- Born: February 1902 Villa Clara, Cuba
- Died: 1990 (aged 87–88) Havana, Cuba
- Occupation: Artist
- Known for: Ceramics

= Juan Miguel Rodríguez de la Cruz =

Juan Miguel Rodríguez de la Cruz (February 1902 – 1990) was a Cuban artist.

==Early life==
He was born in Villa Clara, Cuba, in February 1902. He became a doctor in the 1920s and was an adjunct professor of Clinical Therapeutics at the University of Havana School of Medicine until 1960.

After World War II, together with Carlos Ramírez Corría, he invested and managed an industrial ceramic plant in Santiago de Las Vegas that was founded in the early 1930s by a Catalan ceramist. This effort failed, but his interest in ceramics was born.

In the early 1950s, he began to learn about ceramics from a Czechoslovak technician who was employed by Industrias Cerámicas Unidas. This was the beginning of the development of artistic ceramics in Cuba. Painters of the 1950s including Amelia Peláez, Portocarrero, Wifredo Lam and others joined the effort. Dr. Rodriguez de la Cruz provided the materials and painters began experimenting with ceramics as an art expression. In 1953 the mural by Amelia Peláez, Marta Arjona, Mirta García Buch and Rebeca Robes, was installed at the front wall of the former Tribunal de Cuentas building (today the Ministry of the Interior). It was designed, painted and baked in Dr. Rodriguez de la Cruz' art studio in Santiago de Las Vegas. In the eighties, he was Technical Advisor in ceramics at the Isla de la Juventud, Cuba.

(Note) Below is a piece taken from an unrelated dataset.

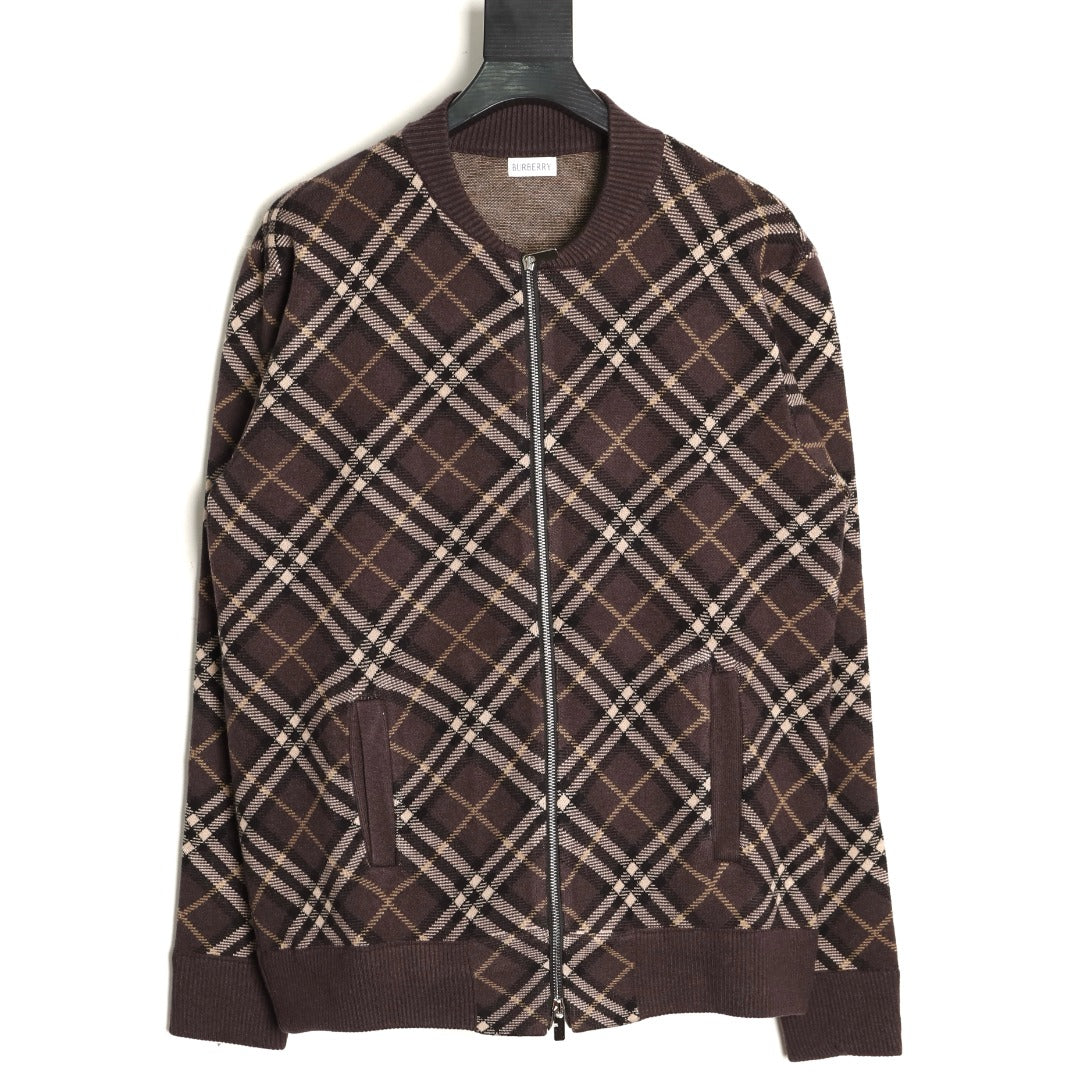 Burberry Diagonal-Check Zip Knit Cardigan - Dark Brown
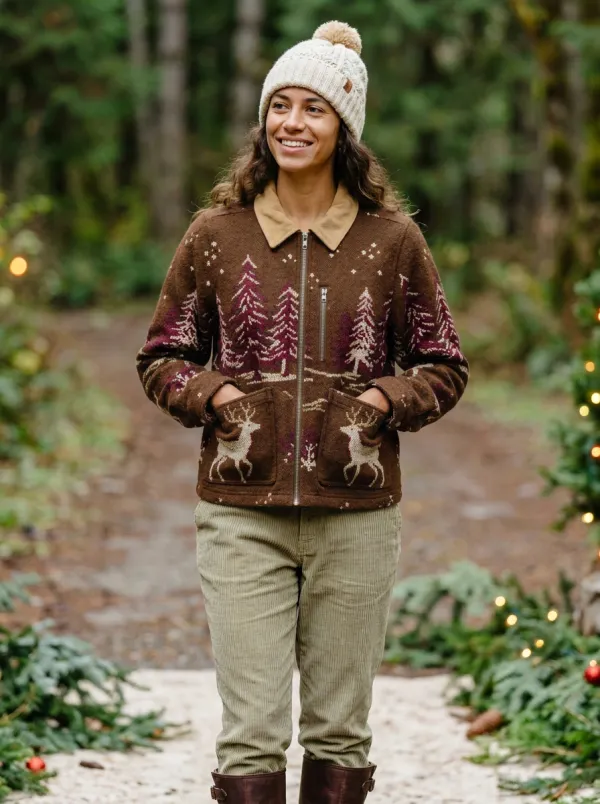 Christmas Holiday Reindeer & Pine Tree Print Jacket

==Individual exhibitions==
A solo exhibition took place in 1954 at the Lyceum, Havana. In 1982, he presented his show titled Rodríguez de la Cruz. Fuego y arte at the Galería Amelia Peláez in Havana. In 1988 he presented a retrospective exhibition of his works at the Galería Plaza Vieja, Fondo Cubano de Bienes Culturales in Havana. Today there is an exhibit of his ceramic work and that of Cuban painters at the Castillo de la Fuerza museum in "old Havana."

==Collective exhibitions==
His pieces were shown in 1955 under the name "Painting, Sculpture, and Applied Arts of Cuba" in Tampa, at the Progress Fair. In 1986, his works were displayed in the show Artesanía Cubana 1986 at the Museo Nacional de Bellas Artes, Havana.

Many of his pieces were given as gifts to visiting government dignitaries by the Revolutionary Government.